Sporogeny of P. circumflexum but not transmission has been recorded in Mansonia perturbans.

== Avian malaria notes ==

- P. relictum is known to infect over 70 bird families and 359 wild bird species so the record here should be regarded as incomplete. Additional host species can be found under the link Plasmodium relictum. It is likely that this species has been responsible for more bird extinctions than any other protist.
- P. vaughani is the second commonest species of avian malaria parasites after P. relictum.
- P. inconstans, P. irae, P. praecox, P. subpraecox and P. wasielewski have been re classified as P. relictum. P. subpraecox was described by Grassi and Feletti in 1892. P. wasielewski was described by Brumpt in 1909.
- P. elongatum infects 21 bird families and 59 species of bird. Additional host species are given under the link Plasmodium elongatum.
- P. dominicana is a species known only from fossil amber. It is thought to have been a species infecting birds. It has been placed in the subgenus Nyssorhynchus.
- The taxonomic status of P. corradettii (Laird, 1998) is currently regarded as dubious and may be revised.
- P. huffi may be the same species as P. nucleophilum toucani.
- P. oti is now regarded as the same species as P. hexamerium.
- There are currently 13 species recognised in the subgenus Novyella all of which are listed here.

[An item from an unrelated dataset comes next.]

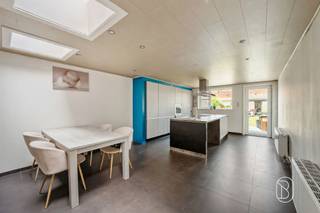 Welkom bij dit charmante woonhuis in het hart van Ronse! Deze gezellige woning biedt u een perfecte combinatie van klassieke allure en modern comfort op een oppervlakte van 180 vierkante meter.Dit fijne gezinshuis beschikt over vier ruime slaapkamers, ideaal voor een groeiend gezin of voor degenen die extra ruimte wensen. De slaapkamers zijn voorzien van voldoende licht dankzij grote ramen met uitzicht op de omgeving.De gemoderniseerde keuken is een echte blikvanger met zijn stijlvolle inrichting, ruime werkoppervlakken en hedendaagse apparatuur. Deze ruime keuken vormt het hart van het huis en nodigt uit tot gezellige momenten met familie en vrienden. De aangrenzende eet- en woonruimten creëren een vloeien de leefomgeving, perfect voor dagelijks leven.Het badkamerinterieur is recent gerenoveerd en biedt alle nodige comfort. Met zijn moderne uitvoering en praktische indeling voelt u zich hier direct thuis. De lichtinval via grote ramen geeft de badkamer een aangename sfeer.Het pand geniet van een prachtige binnentuin met terras en zitplaatsen, waar u heerlijk kunt ontspannen en genieten van het buitenleven. Dit privé-groengebied is perfect voor recreatie en kinderactiviteiten.De ligging in Ronse biedt u uitstekende bereikbaarheid en dicht bij alle voorzieningen zoals winkels, scholen en openbaar vervoer. De karakteristieke straatgevel met zijn baksteenwerk geeft het huis een authentieke uitstraling, typisch voor deze charmeante stad.Dit huis combineert ruimte, comfort en karakter. Een ideale kans voor kopers die op zoek zijn naar een welkomend thuis met voldoende mogelijkheden voor gezinsleven. Ontdek zelf de warmte en potentie van deze aantrekkelijke eigendom!Te koop via Immo Beguin, jouw vastgoedexpert sinds 2009. Met kantoren in Ronse, Waregem, Kortrijk, Deinze, Doornik en Lessines.✉️ info@immobeguin.be
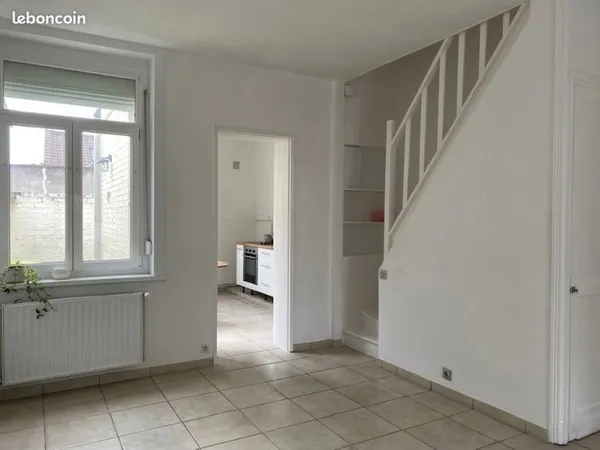 Maison 3 chambres - 2 SDB - Cour - Proche EDHEC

A number of additional species have been described in birds - P. centropi, P. chloropsidis, P. gallinuae, P. herodialis, P. heroni, P. mornony, P. pericorcoti and P. ploceii - but the suggested speciation was based at least in part on the idea - 'one host - one species'. It has not been possible to reconcile the descriptions with any of the currently recognised species, and these are not currently regarded as valid species. As further investigations are made into this genus these species may be resurrected.

A species P. japonicum has been reported but this appears to be the only report of this species and should therefore be regarded of dubious validity.